What to do:
Print the data exactly as written, but leave out each picture.

Supplied material:

╔══

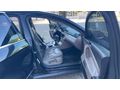KORKMAZLAR OTOMOTİVDEN 2009 MODEL PASSAT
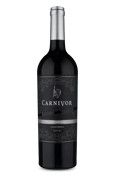 Carnivor Zinfandel 2019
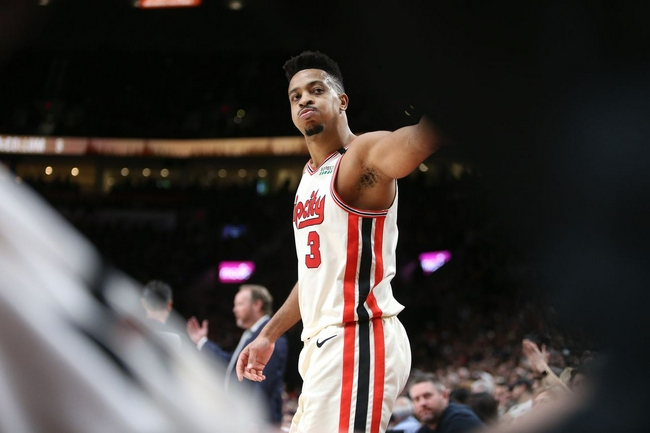 常常打出令 常常打出令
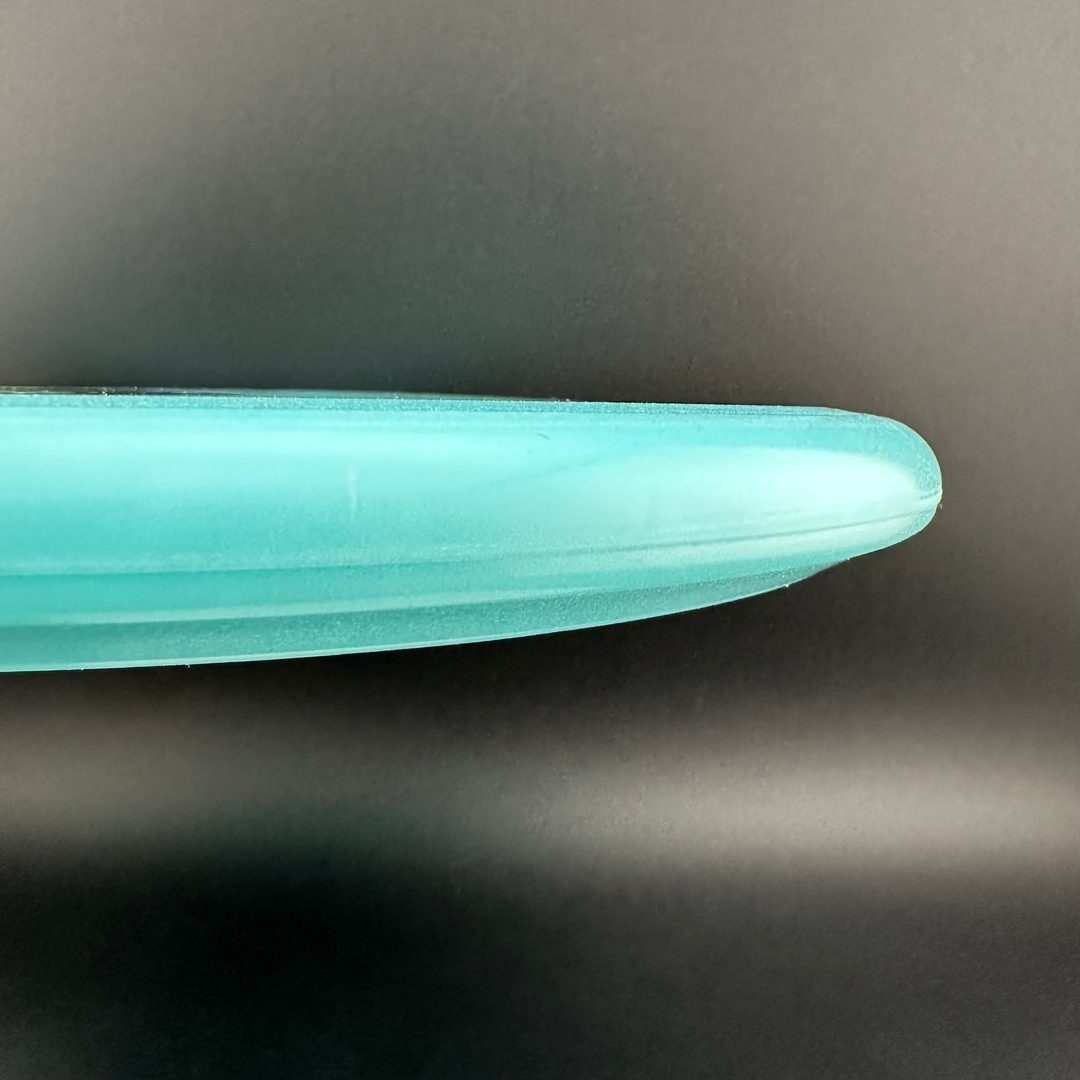 Proto Glow R-Pro Pig - [STRATUS] FEAR V1 by Les White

╚══

Answer section:
KORKMAZLAR OTOMOTİVDEN 2009 MODEL PASSAT
 Carnivor Zinfandel 2019
 常常打出令 常常打出令
 Proto Glow R-Pro Pig - [STRATUS] FEAR V1 by Les White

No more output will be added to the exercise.